Moscow, AFP – Russian president Vladimir Putin has lifted a ban on supplying Iran with sophisticated S-300 air defence missile systems after Tehran’s landmark framework deal with the West over its nuclear program.

A decree signed by president Putin removed a ban on ‘the shipment from Russia to Iran’ of the S-300 missiles and sparked fierce condemnation from Israel of Iran’s perceived new ‘legitimacy’ on the international stage.

The move was swiftly criticised by Israel and the US military.

The decision to pull the delivery ban comes before any sanctions have been lifted on Iran, with difficult technical negotiations still ahead following the breakthrough April 2 deal aimed at curbing Iran’s nuclear drive.

‘Our opposition to these sales is long and public.

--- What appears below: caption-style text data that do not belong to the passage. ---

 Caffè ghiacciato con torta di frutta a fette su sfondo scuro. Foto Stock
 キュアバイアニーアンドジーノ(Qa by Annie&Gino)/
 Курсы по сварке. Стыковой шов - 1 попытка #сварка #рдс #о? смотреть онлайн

We believe it’s unhelpful,’ Pentagon spokesman Colonel Steve Warren told reporters in Washington.

‘We are raising that through the appropriate diplomatic channels,’ he added.

Moscow blocked deliveries of the surface-to-air missiles to Tehran in 2010 after the United Nations slapped sanctions on Iran over its nuclear program barring hi-tech weapons sales.

Iran then filed a $US4 billion ($A5.21 billion) suit at an arbitration court in Geneva for the cancellation of the $US800 million order by Russia, which has long been Iran’s principal foreign arms supplier.

The framework deal agreed in Lausanne this month marked a crucial advance in a 12-year stand-off between Iran and the West, which disputes Tehran’s denial that it is seeking to build a nuclear bomb.

Russia’s foreign minister Sergei Lavrov insisted the missile deliveries were not covered by the earlier UN sanctions and that the progress made in Switzerland meant there was no longer any need for Russia to maintain the ban on the missile deliveries.

Global powers must resolve a series of contentious issues by a June 30 deadline for a final nuclear deal, including the steps for lifting global sanctions imposed on Iran, and lingering questions over the possible military dimensions of its nuclear program.

Iran’s supreme leader Ayatollah Ali Khamenei, who will have the final say on any deal, has plunged the accord into doubt suggesting that ‘nothing is binding’ while president Hassan Rouhani demanded that sanctions be immediately lifted when any deal is signed.

Global powers Britain, China, France, Germany, Russia and the United States have said sanctions will only be gradually eased and want a mechanism to ensure they can be swiftly reimposed if Iran breaks its word.